Bien le dice mi papá y a ti cómo te fue, aquí estamos le dice mi mamá. Entonces
yo salgo a jugar fútbol y me gusta meter goles de cabecita. Después viene mi
mamá y me dice ya Pedrito venga a comer y luego nos sentamos a la mesa y yo
siempre me como todo menos la sopa que no me gusta. Después todas las noches mi
papá y mi mamá se sientan en el sillón y juegan ajedrez y yo termino la tarea.
Y ellos siguen jugando ajedrez hasta que es la hora de irse a dormir. Y
después, después no puedo contar porque me quedo dormido.
Firmado:
Pedro Malbrán. Nota: si me dan un premio por la composición ojalá sea una
pelota de fútbol, pero no de plástico.”
Levantó
la mirada y se dio cuenta de que sus padres estaban sonriendo.
—Bueno —dijo el papá—, habrá que comprar un ajedrez, por si las moscas.
III Actividades:
1.¿De qué trata esta historia?
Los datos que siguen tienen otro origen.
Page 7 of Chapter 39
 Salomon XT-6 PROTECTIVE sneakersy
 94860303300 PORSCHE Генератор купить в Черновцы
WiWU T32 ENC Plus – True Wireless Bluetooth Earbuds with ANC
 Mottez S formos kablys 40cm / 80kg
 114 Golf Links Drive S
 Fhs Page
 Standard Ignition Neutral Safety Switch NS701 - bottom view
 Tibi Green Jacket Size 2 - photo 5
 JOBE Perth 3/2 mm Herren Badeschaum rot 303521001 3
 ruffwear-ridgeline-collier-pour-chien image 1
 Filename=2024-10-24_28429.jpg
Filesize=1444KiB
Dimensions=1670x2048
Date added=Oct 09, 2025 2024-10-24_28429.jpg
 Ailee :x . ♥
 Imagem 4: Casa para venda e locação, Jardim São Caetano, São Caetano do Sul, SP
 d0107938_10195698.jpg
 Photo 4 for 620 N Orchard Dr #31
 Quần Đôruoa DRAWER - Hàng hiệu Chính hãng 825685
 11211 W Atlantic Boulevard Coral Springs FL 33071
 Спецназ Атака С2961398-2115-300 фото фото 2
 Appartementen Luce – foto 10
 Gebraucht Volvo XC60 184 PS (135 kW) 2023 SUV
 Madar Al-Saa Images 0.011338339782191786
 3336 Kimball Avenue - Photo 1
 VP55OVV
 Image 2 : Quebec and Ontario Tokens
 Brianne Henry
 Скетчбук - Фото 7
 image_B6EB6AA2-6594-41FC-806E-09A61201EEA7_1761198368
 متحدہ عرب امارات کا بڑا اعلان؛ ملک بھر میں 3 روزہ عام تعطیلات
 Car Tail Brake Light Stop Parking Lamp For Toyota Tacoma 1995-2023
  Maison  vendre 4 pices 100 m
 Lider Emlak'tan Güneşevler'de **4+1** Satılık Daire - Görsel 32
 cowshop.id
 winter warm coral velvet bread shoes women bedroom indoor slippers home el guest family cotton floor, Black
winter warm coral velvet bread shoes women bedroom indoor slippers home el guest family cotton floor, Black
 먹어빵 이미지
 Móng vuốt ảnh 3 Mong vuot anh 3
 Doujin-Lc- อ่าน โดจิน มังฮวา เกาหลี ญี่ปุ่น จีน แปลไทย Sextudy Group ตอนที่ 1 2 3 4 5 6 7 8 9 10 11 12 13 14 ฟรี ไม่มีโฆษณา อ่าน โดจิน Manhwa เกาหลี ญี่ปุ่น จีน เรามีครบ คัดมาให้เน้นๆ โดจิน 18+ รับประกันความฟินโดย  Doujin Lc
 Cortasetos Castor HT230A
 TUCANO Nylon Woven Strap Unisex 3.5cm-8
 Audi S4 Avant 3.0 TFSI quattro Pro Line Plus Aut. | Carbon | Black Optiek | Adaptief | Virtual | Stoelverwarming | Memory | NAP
Haz una reseña.
2. Sigue este enlace y haz su ficha literaria
3. ¿Qué es lo que Pedro no debía contar? ¿Por qué?
4. ¿Es correcta la decisión de Pedro de no decir la verdad en la tarea?
5. ¿En qué, exactamente, fue lo que Pedro mintió?
6. ¿Por qué el papá dijo que iba a comprar un ajedres¿z "por si las moscas".
7. Haz un dibujo de algún momento de esta historia.
8. Escribe una carta a Pedro comentándole tu opinión sobre su decisión.